Another factor at play is NextGen TV, also known as ATSC 3.0, which at the end of 2023 was available to some 70% of US households. Chicago went live in early February, increasing that reach to 75%, and San Antonio, San Diego and Cleveland are going to be lit this year, which will increase coverage to 81% of the US by the end of the year. Given the voluntary nature of this new broadcast TV standard, the next challenge is for consumer adoption without the US FCC-mandated TV analog-to-digital switchover that occurred in June 2009 for all full-power TV stations.
Deal market
Many industry professionals consider the current broadcast ownership caps outdated with some rules decades old, predating the rise and unfettered reach of digital and social media companies — direct competitors for advertising and subscription dollars. Despite lobbying from individual station owners and the National Association of Broadcasters' ownership cap relaxation proposals for TV and radio, things have gained little traction at the Democrat-led FCC under Chair Jessica Rosenworcel.
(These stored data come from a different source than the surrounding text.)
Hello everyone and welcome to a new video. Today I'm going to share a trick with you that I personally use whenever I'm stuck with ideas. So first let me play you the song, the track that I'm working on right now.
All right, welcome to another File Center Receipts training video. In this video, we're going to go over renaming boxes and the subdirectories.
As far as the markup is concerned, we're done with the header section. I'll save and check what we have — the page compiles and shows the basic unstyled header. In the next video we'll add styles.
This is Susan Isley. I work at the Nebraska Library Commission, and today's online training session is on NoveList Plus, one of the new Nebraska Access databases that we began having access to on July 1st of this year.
The FCC's 2018 Quadrennial Regulatory Review released at the end of 2023 reaffirmed the current broadcast ownership caps for local radio and TV. In addition, the FCC tightened the top-four dual network rule to prohibit a station owner from acquiring another top-four network affiliation in the same market by placing it on a low-power TV or class A station or on a multicast programming stream, which would be prohibited if it was on a full-power station. This ruling poured cold water on an already tepid broadcast deal market in 2023 and prospects for 2024.
Total broadcast station deal volume reached $578.4 million in 2023, down from $959.5 million in 2022 and $4.72 billion in 2021. The TV deal market in 2023 registered $365.9 million, of which 81% ($295.5 million) came from the two top deals of the year: Hearst Corp. acquiring two full-power stations in Ft. Myers-Naples, Fla., from Waterman Broadcasting Corp. and Mission Broadcasting Inc. acquiring one full-power station, WADL, in Detroit from Adell Broadcasting Corp.
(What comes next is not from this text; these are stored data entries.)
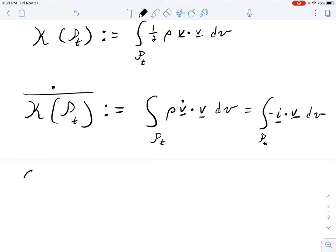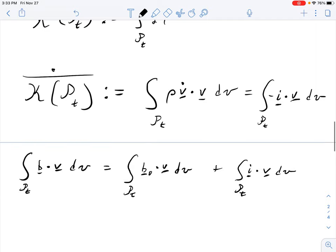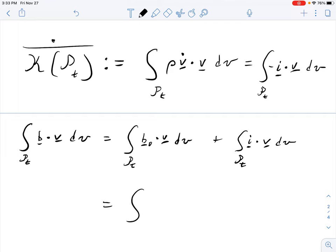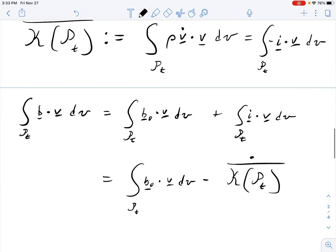Integrating the generalized body force B·V over the body — where B includes inertia — equals the integral of the conventional body force contribution plus the integral of the inertial body force, which equals minus the time derivative of the kinetic energy of the body.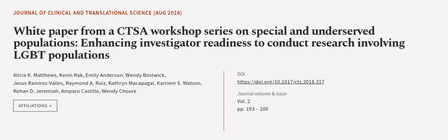This article was authored by Alicia K. Matthews, Kevin Rack, Emily Anderson, and others. We are article.tv, links in the description below.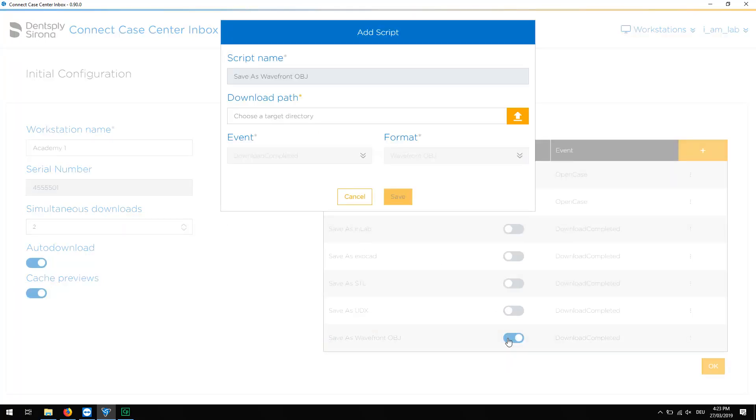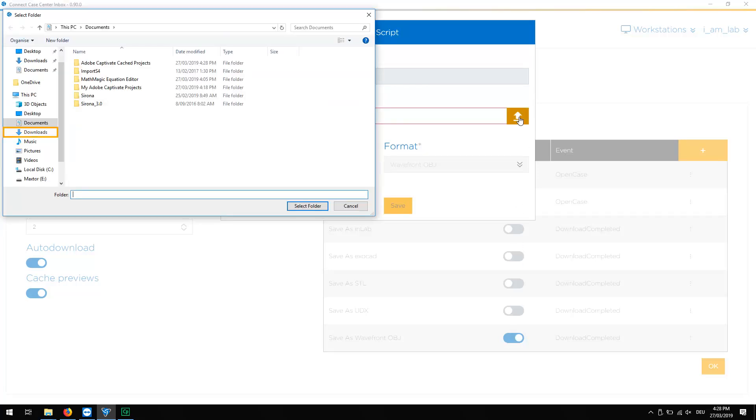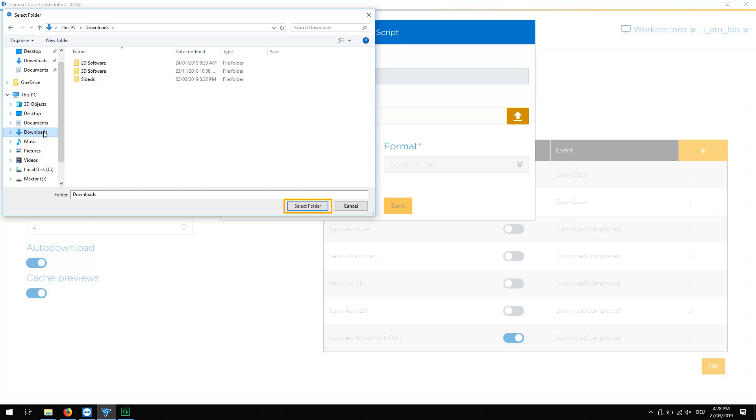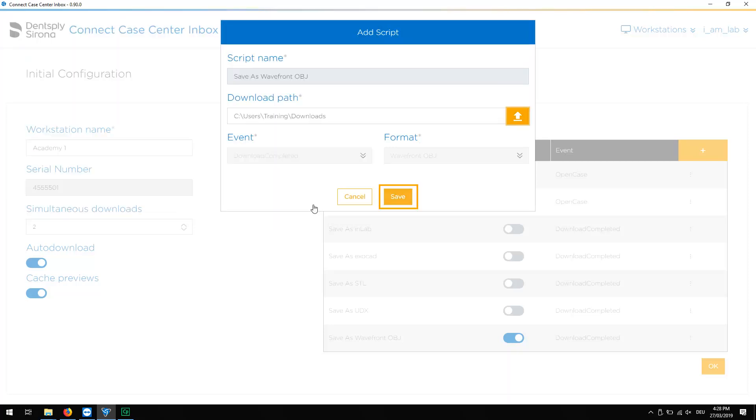A new window opens and we define the download path. By clicking Select Folder, we confirm our selection, then we click Save.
Radio's 2023 deal volume of just $212.5 million was down 35.6% from the total of $329.9 million in 2022, but there was more activity in the second half of the year and could be more prospects in 2024, with the Chapter 11 bankruptcy restructuring of Audacy Inc. and smaller privately held radio owners such as Neuhoff Family LP exiting the business.
Looking at the deal market in 2024, there was a $30 billion unsolicited bid, including debt and equity, by Byron Allen's Allen Media Group for Paramount Global, although David Ellison's Skydance Media has also been a rumored buyer for a few months. Allen was rebuffed in his $3.5 billion bid for Paramount's BET (US) and VH1 (US) cable nets. Outside of Paramount, no other major deals are on the horizon, although there could be renewed efforts for private equity to take another stab at a broadcast deal if interest rates dip, despite Standard General Fund LP's unsuccessful buyout of TEGNA Inc.